- The paper introduces SDR, a novel method that integrates contextual structure into synthetic data generation to improve object detection.
- The methodology employs probabilistic models with global parameters and context splines to realistically simulate environments for robust car detection.
- Experimental results on datasets like KITTI show that SDR pretraining yields competitive performance compared to traditional synthetic and real data.
Structured Domain Randomization: Bridging the Reality Gap by Context-Aware Synthetic Data
Introduction
Structured domain randomization (SDR) improves the generation of synthetic data for training deep neural networks by incorporating contextual structure into the randomization process. By comparison, traditional domain randomization (DR) involves the placement of objects and distractors according to a uniform probability distribution without regard to the context. SDR, however, introduces probability distributions aligned with specific problems, enabling context-aware randomization. This approach is demonstrated for 2D bounding box car detection, using synthetic data alone to achieve competitive results on real datasets such as KITTI.
Methodology
SDR functions by generating synthetic images according to a probabilistic model that integrates global parameters, context splines, and objects. The global parameters include variables such as road geometry, lighting conditions, and scenario selection (urban, suburban, rural), depicted in Figure 1.








Figure 1: In Structured Domain Randomization (SDR), a scenario is chosen at random, then global parameters, such as road curvature and lighting, generate context splines, upon which objects like cars and pedestrians are placed.
The context splines define structural aspects of the scene such as road lanes, sidewalks, which support the placement of objects along them. Objects are placed respecting the structure, allowing neural networks to learn both from object features and their contextual environment.
Comparative Evaluation
The effectiveness of SDR was compared against several synthetic data generation techniques using Faster-RCNN for 2D vehicle detection on the KITTI dataset. Compared to traditional domain randomization and other synthetic datasets like Virtual KITTI, SDR achieved superior results across all difficulty levels (Easy, Moderate, Hard).











Figure 2: Synthetic datasets used for training object detection models. SDR produces realistic images and exhibits large variety, enhancing model robustness.
Synthetic data from SDR was also compared against real datasets. Despite the typical advantage of dataset alignment in terms of distribution, SDR demonstrated competitive performance against real data from differing domains, such as BDD100K, due to the variety and context provided in the synthetic images.



Figure 3: Qualitative results on KITTI of Faster-RCNN trained only on SDR-generated synthetic data.

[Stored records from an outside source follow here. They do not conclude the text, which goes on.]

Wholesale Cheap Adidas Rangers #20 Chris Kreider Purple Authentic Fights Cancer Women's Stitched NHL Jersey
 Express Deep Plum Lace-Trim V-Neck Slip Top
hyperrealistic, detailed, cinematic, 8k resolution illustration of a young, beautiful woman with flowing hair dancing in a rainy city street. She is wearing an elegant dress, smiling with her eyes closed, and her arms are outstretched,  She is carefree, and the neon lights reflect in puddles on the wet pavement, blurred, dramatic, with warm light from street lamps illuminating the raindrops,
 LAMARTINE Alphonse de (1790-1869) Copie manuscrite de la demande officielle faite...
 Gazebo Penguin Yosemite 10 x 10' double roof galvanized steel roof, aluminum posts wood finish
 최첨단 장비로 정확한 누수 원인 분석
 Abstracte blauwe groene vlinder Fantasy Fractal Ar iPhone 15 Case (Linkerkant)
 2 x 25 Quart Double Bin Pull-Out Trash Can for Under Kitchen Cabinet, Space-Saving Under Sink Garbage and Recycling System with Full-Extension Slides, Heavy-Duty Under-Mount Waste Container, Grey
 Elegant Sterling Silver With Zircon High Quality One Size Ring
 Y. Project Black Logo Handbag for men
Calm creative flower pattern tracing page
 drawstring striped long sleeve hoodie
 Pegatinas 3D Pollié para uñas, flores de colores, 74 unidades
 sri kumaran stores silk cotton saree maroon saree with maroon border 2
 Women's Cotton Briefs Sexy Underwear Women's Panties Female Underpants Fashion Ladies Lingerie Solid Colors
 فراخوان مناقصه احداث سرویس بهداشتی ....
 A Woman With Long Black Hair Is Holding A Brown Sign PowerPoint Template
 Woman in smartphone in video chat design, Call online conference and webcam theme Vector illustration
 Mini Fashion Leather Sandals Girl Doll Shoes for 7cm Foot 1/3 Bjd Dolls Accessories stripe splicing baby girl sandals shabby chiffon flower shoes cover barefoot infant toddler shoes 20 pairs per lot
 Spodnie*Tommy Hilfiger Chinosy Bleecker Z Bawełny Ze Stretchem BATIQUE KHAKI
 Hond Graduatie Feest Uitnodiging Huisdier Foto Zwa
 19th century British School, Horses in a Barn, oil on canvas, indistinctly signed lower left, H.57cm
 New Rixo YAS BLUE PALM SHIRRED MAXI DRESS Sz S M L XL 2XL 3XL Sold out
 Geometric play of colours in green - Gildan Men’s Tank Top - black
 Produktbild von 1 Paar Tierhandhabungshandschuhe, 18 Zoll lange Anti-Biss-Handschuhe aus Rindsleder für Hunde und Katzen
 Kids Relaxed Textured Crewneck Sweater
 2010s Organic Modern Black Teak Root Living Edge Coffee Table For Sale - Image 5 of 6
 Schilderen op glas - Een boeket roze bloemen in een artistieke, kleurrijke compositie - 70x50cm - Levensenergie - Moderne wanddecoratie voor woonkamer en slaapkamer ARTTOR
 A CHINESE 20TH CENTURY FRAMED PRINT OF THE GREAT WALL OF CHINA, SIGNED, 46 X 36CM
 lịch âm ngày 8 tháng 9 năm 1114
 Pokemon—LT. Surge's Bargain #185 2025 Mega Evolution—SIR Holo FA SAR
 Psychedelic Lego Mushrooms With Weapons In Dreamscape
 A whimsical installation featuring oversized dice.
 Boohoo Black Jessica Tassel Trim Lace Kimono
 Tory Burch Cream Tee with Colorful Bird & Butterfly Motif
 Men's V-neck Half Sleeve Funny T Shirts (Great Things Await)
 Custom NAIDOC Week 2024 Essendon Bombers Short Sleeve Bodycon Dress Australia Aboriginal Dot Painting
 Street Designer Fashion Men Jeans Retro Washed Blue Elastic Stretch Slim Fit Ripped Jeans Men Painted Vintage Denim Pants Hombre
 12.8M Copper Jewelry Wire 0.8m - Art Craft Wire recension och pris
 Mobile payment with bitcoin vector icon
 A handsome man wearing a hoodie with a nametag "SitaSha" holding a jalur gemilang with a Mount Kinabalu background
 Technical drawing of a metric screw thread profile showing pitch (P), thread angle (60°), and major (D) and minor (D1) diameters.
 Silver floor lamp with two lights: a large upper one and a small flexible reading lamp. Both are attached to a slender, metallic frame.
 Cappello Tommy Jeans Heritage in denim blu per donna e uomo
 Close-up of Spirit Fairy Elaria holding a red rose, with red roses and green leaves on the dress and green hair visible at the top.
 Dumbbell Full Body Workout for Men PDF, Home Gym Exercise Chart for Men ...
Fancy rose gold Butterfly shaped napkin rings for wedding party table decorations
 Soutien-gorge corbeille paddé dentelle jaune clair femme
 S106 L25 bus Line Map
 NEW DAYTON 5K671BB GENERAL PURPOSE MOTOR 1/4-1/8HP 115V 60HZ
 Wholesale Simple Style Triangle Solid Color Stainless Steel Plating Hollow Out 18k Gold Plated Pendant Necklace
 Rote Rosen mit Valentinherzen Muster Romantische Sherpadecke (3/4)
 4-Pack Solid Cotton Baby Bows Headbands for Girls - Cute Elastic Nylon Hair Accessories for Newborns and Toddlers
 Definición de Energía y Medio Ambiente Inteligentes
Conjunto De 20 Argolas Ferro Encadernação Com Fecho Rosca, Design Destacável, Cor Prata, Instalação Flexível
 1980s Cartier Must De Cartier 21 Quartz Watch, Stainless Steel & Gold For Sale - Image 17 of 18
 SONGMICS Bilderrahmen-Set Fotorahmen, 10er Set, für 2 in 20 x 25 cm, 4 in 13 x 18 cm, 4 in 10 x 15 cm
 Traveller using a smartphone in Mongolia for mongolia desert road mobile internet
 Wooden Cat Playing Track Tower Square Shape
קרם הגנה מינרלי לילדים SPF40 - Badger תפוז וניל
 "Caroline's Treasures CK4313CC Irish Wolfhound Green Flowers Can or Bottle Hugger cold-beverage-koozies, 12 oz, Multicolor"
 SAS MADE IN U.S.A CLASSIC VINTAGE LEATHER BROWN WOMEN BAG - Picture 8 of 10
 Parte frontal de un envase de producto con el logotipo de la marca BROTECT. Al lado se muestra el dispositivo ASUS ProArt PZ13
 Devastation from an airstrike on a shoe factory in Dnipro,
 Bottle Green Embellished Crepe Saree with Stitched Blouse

Note the successful detection of severely occluded vehicles.
Initialization and Fine-Tuning
SDR’s utility as an initialization strategy was explored by pretraining networks before fine-tuning with limited real labeled data. Results showed that models pretrained with SDR exhibited enhanced performance over those trained directly on the same volume of real data.
Ablation Study
An ablative examination of SDR parameters revealed the critical role of context and texture-related attributes (such as saturation and contrast) in enhancing model performance. Variations in the scene, lighting, and object count were also found to be significant contributors.
Figure 4: Ablation paper for full SDR, examining the impact of various randomization parameters.
Conclusion
SDR integrates structural context into synthetic data generation processes, offering robust improvements over conventional DR in object detection tasks. The increased variety and contextual integrity in synthetic scenes facilitate better generalization across real-world domains, as evidenced by the strong KITTI dataset results. Future work will explore SDR applications across different computer vision tasks, such as multi-class detection and segmentation, broadening the scope of its applicability.